Ronald

Personal information
- Full name: Ronald Pereira Martins
- Date of birth: 14 June 2001 (age 25)
- Place of birth: Corumbá, Brasil
- Height: 1.77 m (5 ft 10 in)
- Position: Winger

Team information
- Current team: Swansea City
- Number: 35

Youth career
- 0000–2019: Corumbaense
- 2019–2020: Atlético Goianiense

Senior career*
- Years: Team / Apps / (Gls)
- 2019: Corumbaense / 11 / (1)
- 2021: Atlético Goianiense / 1 / (0)
- 2021: → Grêmio Anápolis (loan) / 14 / (2)
- 2021–2024: Grêmio Anápolis / 0 / (0)
- 2021: → Atlético Goianiense (loan) / 25 / (0)
- 2022: → Guarani (loan) / 18 / (1)
- 2022–2024: → Estrela da Amadora (loan) / 46 / (6)
- 2024–: Swansea City / 113 / (10)

= Ronald (footballer, born 2001) =

Brazilian footballer

Ronald Pereira Martins (born 14 June 2001), simply known as Ronald, is a Brazilian professional footballer who plays as a winger for club Swansea City.

==Club career==
Born in Corumbá, Mato Grosso do Sul, Ronald began his career with hometown side Corumbaense. He made his first team debut at the age of 17 on 2 February 2019, coming on as a second-half substitute in a 2–0 Campeonato Sul-Mato-Grossense away win against Operário de Dourados.

Ronald scored his first senior goal on 16 February 2019, netting his team's third in a 3–1 home win against Aquidauanense. He also spent a period on a trial at Atlético Mineiro before signing for the under-20 side of Atlético Goianiense.

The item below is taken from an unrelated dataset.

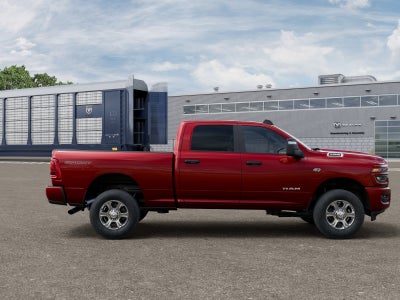 2027 RAM 2500 RAM 2500 BIG HORN CREW CAB 4X4 6'4' BOX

Ronald started to appear in the first team of Dragão in January 2021, but was loaned to Grêmio Anápolis on 24 February 2021, until the end of the Campeonato Goiano. After helping the latter side win the competition for the first time ever with two goals (one of them against his parent club) in 14 appearances, he signed a permanent deal with Grêmio Anápolis and subsequently returned to Atlético for the Série A, on loan.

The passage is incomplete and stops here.